• "Smart Meter" Update
  • August 15, 2012 | Author: Ronald D. Richards
  • Law Firm: Foster, Swift, Collins & Smith, P.C. - Lansing Office
  • Our June 2012 newsletter noted that the Michigan Public Service Commission (Commission) was investigating electric utility’s intent to deploy "smart meters." MPSC Case No. U-17000. The Commission ordered all regulated electric utilities to submit information to the Commission by March 16, 2012, on a number of issues, including (1) the utility's existing plans for deployment of smart meters in its service territory, (2) any scientific information known to the utility that bears on the safety of smart meters, and (3) an explanation of the steps that the utility intends to take to safeguard the privacy of the information gathered. Comments were due April 16, 2012. The Commission also required the Commission Staff to file a report summarizing its review of smart meter literature, how other jurisdictions deal with smart meters, and make recommendations for the Commission’s consideration.

    After about 400 comments were filed - many of which voiced concerns about health and safety, privacy, and bill impacts - the Commission Staff filed its report on June 29th. In short, the Staff Report states:

    1. Smart meters are a critical component of creating a "smart grid." A "smart grid" encompasses technological improvements to the electric grid designed to increase reliability, reduce outage time, accommodate the integration of distributed generation sources, and improve electric vehicle charging capacity.
    2. Smart meters are quickly becoming the primary replacement meter to the existing electronic meters because they are more accurate, enhance outage response and offer opportunities for customer energy management. The traditional electronic meter is obsolete and currently not in production.
    3. That the health risk from the installation and operation of metering systems using radio transmitters is insignificant. In addition, the appropriate federal health and safety regulations provide assurance that smart meters represent a safe technology.

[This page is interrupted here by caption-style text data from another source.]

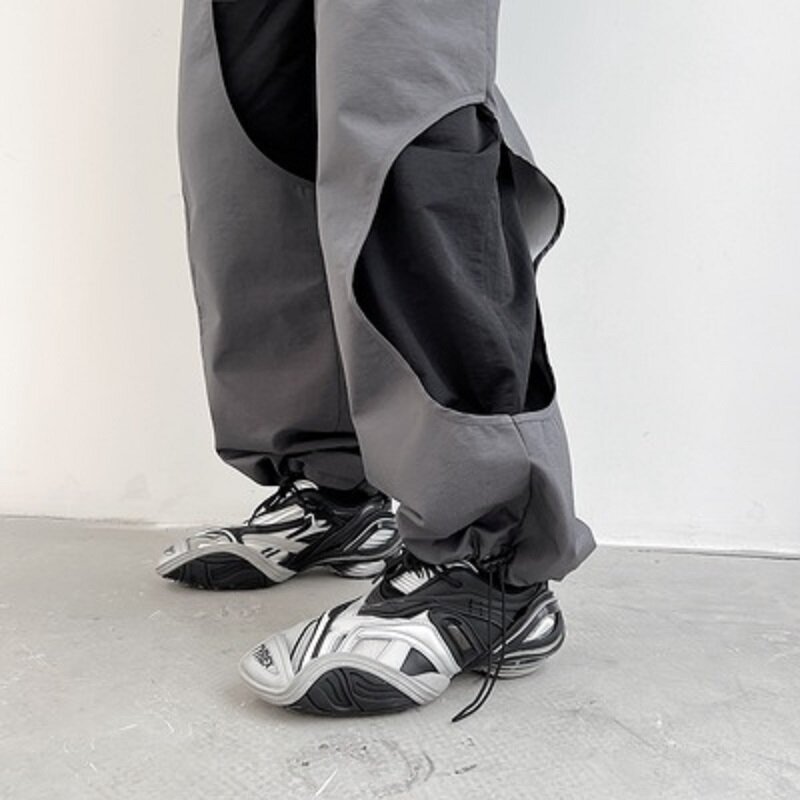 Eleganckie męskie spodnie dorywczo dwuwarstwowa dziura Patchwork projektant męskie spodnie Gey kontrast czarny zamek koreański Hipiee ubrania spadek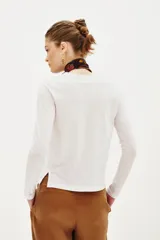 Remera de manga larga color marrón oscuro, con cuello redondo y corte holgado.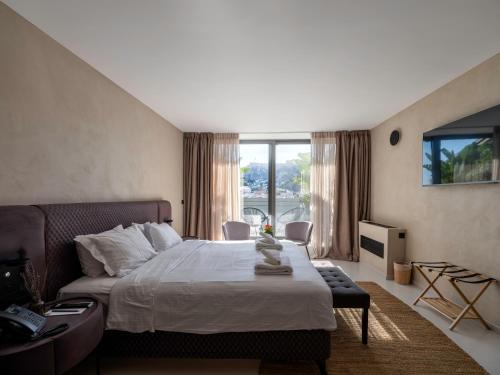 a bedroom with a bed and a large window at Regal Hotel Mitropoleos in Athens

    Based on its findings, Staff made these recommendations:

    1. Smart Meter Implementation: Smart meters are part of the larger smart grid initiative that is being pursued by investor-owned and other utilities throughout the world. The smart grid initiative has been endorsed by federal laws, and the technologies have been declared to be safe by accredited national agencies and industry councils. The Staff recommended that Commission-regulated utilities in Michigan continue to assess smart grid technologies as part of their efforts to improve the reliability and efficiency of the grid.
    2. Opt-out: Staff understands that some people remain opposed to the installation of smart meters for a number of reasons and should be allowed to opt-out. The Staff believes that ratemaking for the opt-out provision should be based on cost of service principles. If smart meters result in a reduced cost of service, this could be accounted for by either an additional charge for those customers choosing to opt-out or a discount for those customers with a smart meter.

    To date, the Commission has not yet issued an Order in Docket U-17000. So there are still unanswered questions, including these:

    • whether the Commission will adopt Staff’s recommendations to allow smart meters;
    • if smart meters are allowed to go forward, whether the Commission will allow an opt-out program;
    • whether customers would have to pay for an opt-out or to remove a previously installed smart meter.

    Another unsettled question is whether the smart meter program can move forward at all, given the Court of Appeals’ April 2012 ruling that the Commission erred in letting Detroit Edison increase its rates to pay for the smart meters. Of course, that ruling, too, could be challenged at the Michigan Supreme Court.